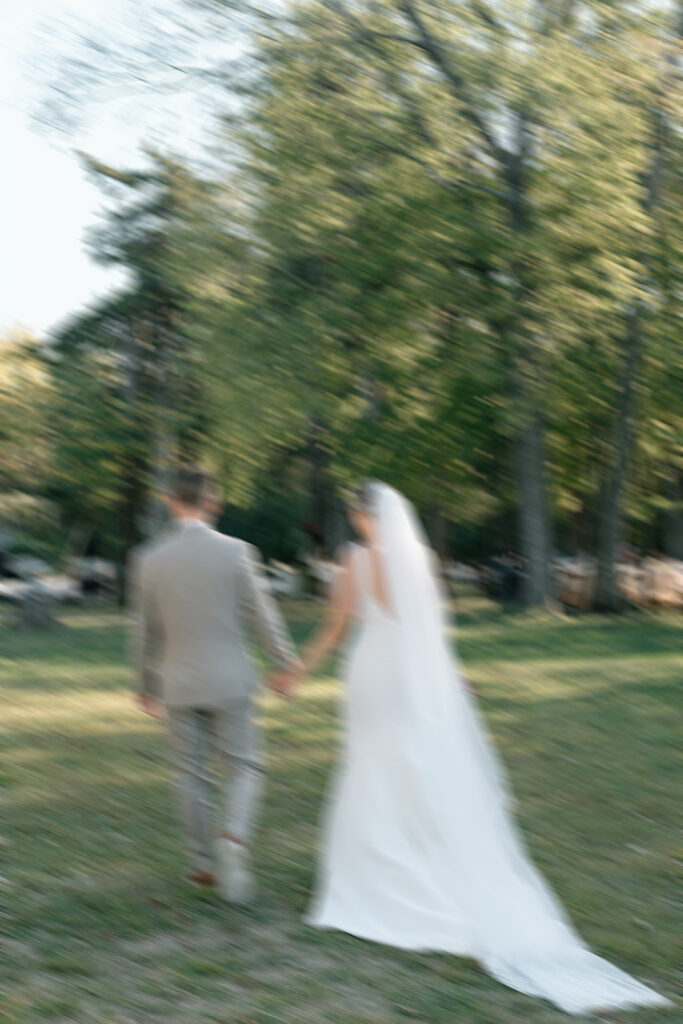 artistic blurry photos of bride and groom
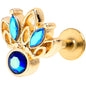16G 1/4 Blue Gem Gold Tone Filigree Tiara Labret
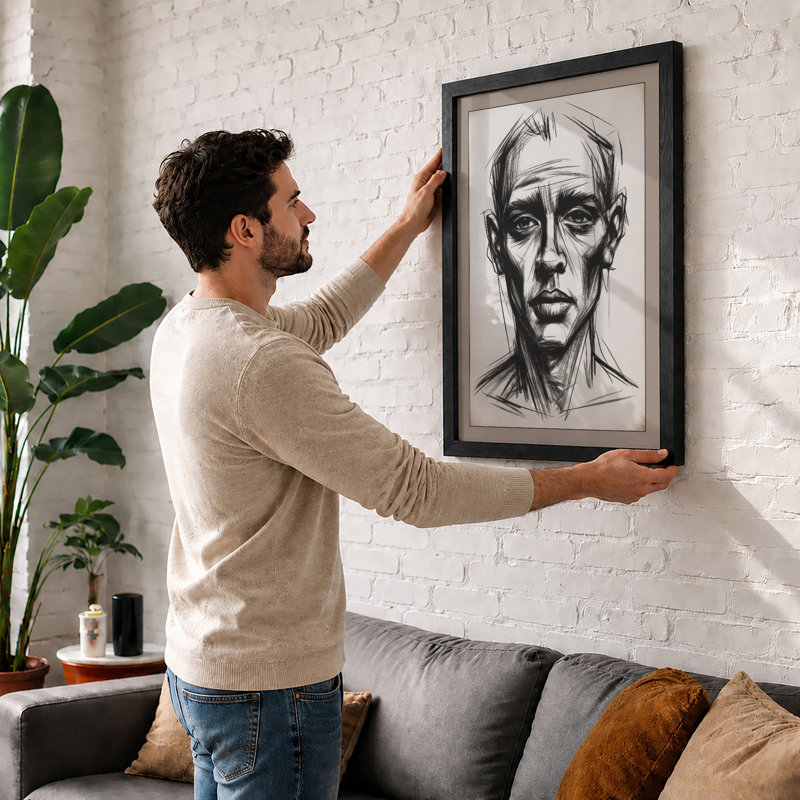 Ink Portrait Study Modern - Framed Print, A2 - 59.4 x 42.0 cm, Walnut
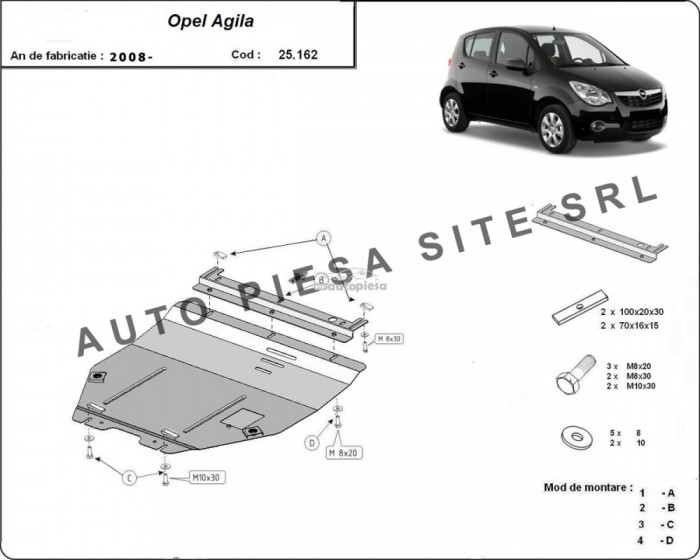 Scut metalic motor Opel Agila fabricat incepand cu 2008 APS-25,162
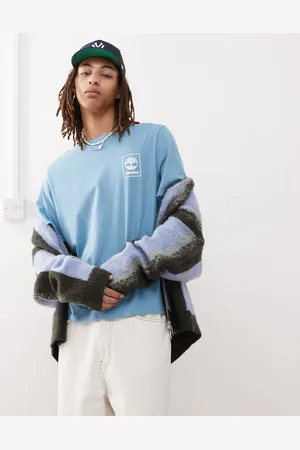 Timberland Lyseblå T-shirt med firkantet logo på brystet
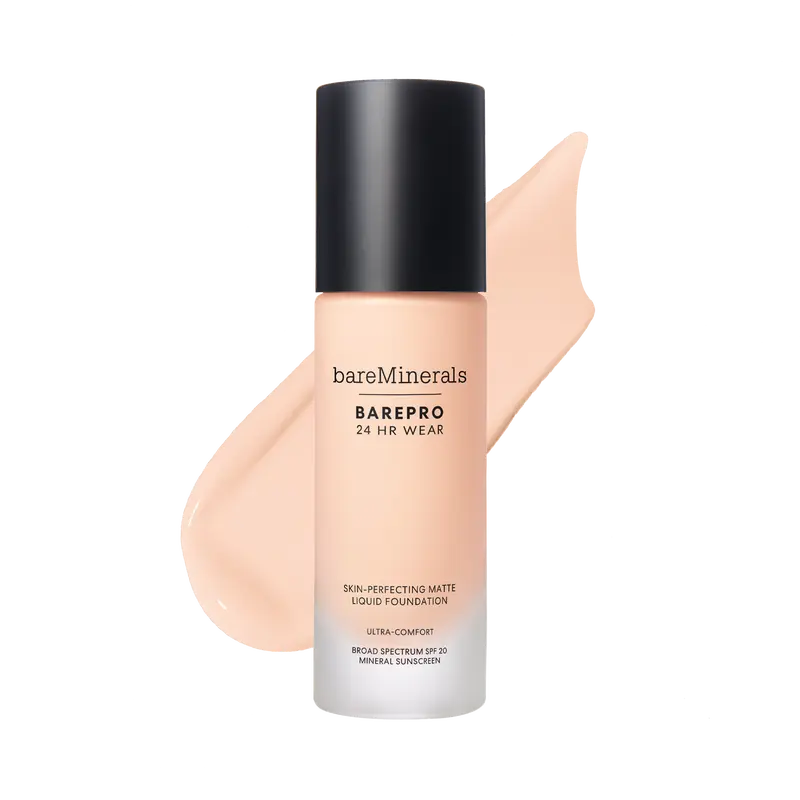 bareMinerals BAREPRO 24HR Wear Skin-Perfecting Matte Liquid Foundation Mineral SPF 20 - Brightening, Full Coverage Finish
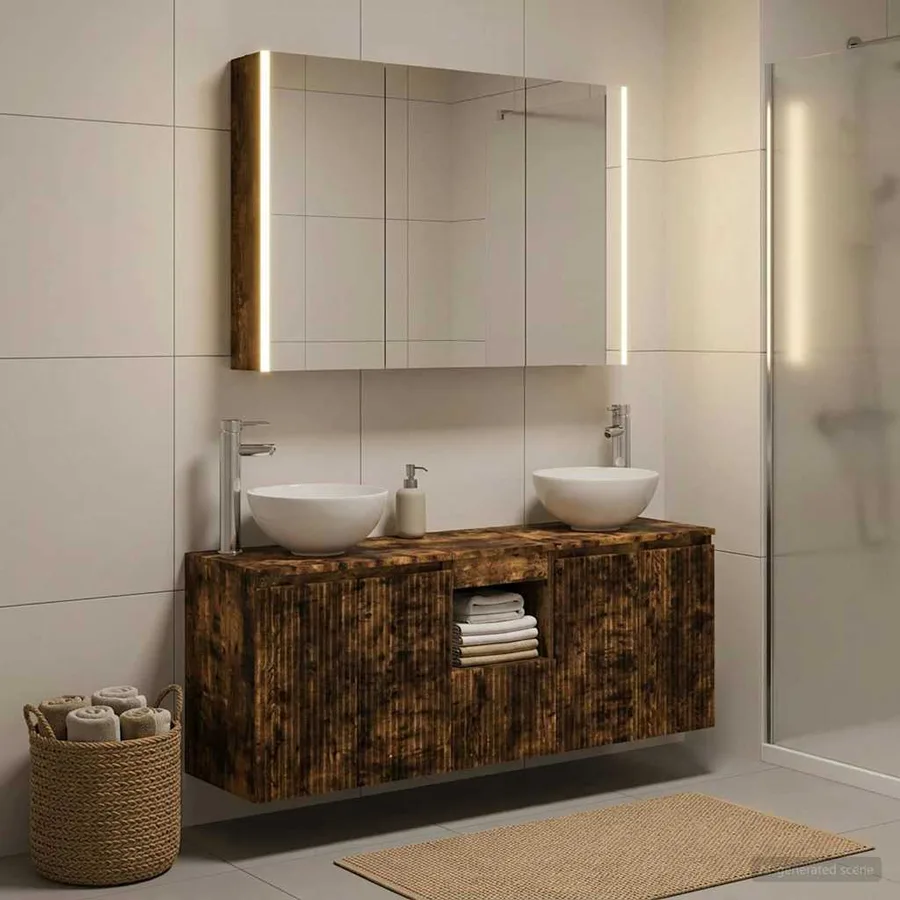 Ensemble d'armoire de salle de bain 4 pcs Chêne fumé - 4
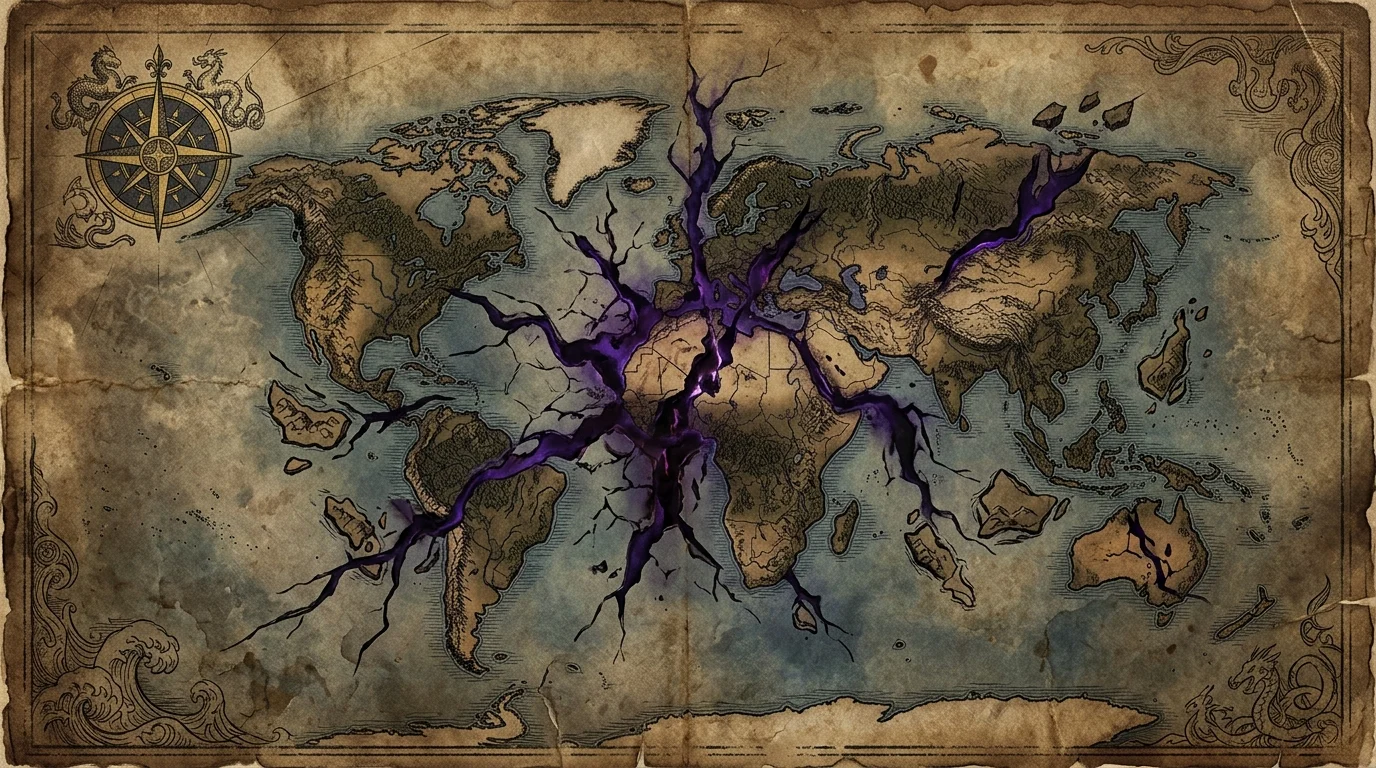 Stylized map showing a fractured dark world.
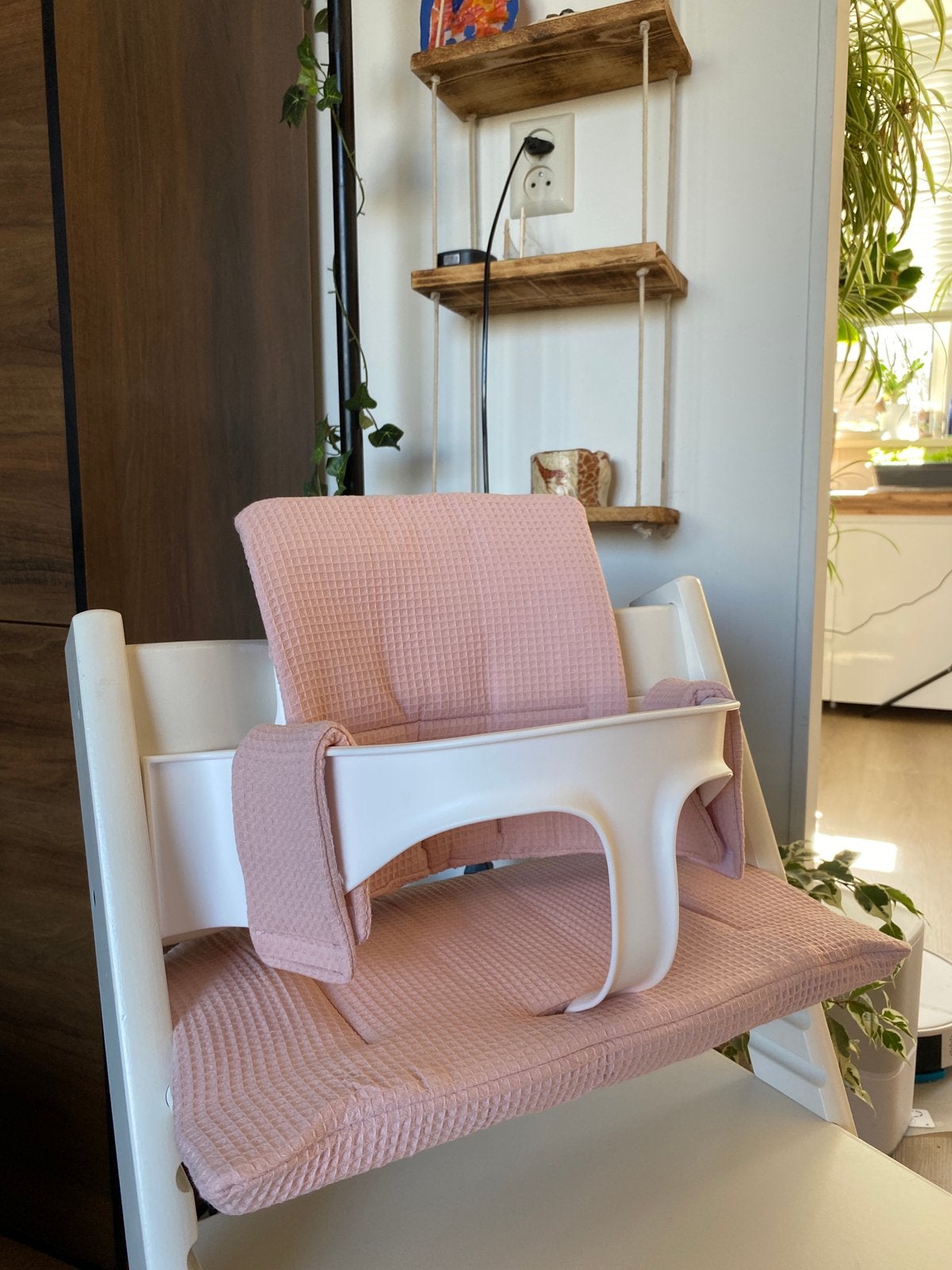Oudroze wafel kussenset voor kinderstoel stokke tripp trapp, Ophalen of Verzenden, Nieuw, Meegroeistoel, Stoelverkleiner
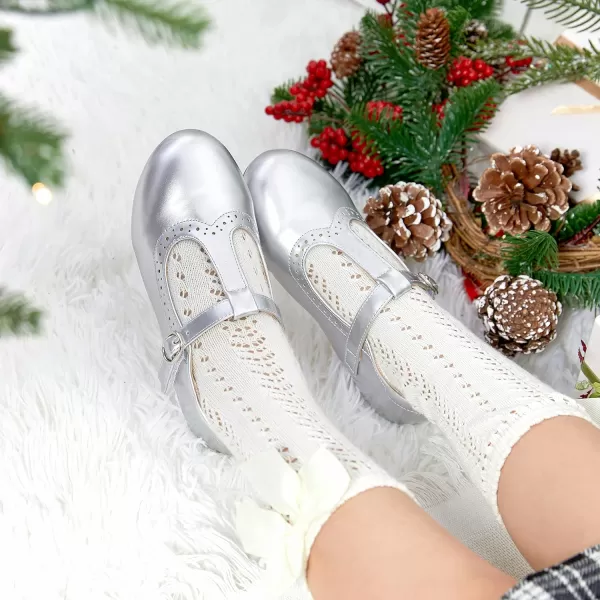 THEE BRON Girls TStrap Flats ToddlerLittle Kid Ballet Mary Jane Party Dress ShoesAg234silver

-----

* [Aim of the exercise]: From the line with "Scut metalic motor" up to and including the line with "bareMinerals BAREPRO 24HR" above, retype every line exactly and nothing more; leave out the pictures.

* [Answer below]:
 Scut metalic motor Opel Agila fabricat incepand cu 2008 APS-25,162
 Timberland Lyseblå T-shirt med firkantet logo på brystet
 bareMinerals BAREPRO 24HR Wear Skin-Perfecting Matte Liquid Foundation Mineral SPF 20 - Brightening, Full Coverage Finish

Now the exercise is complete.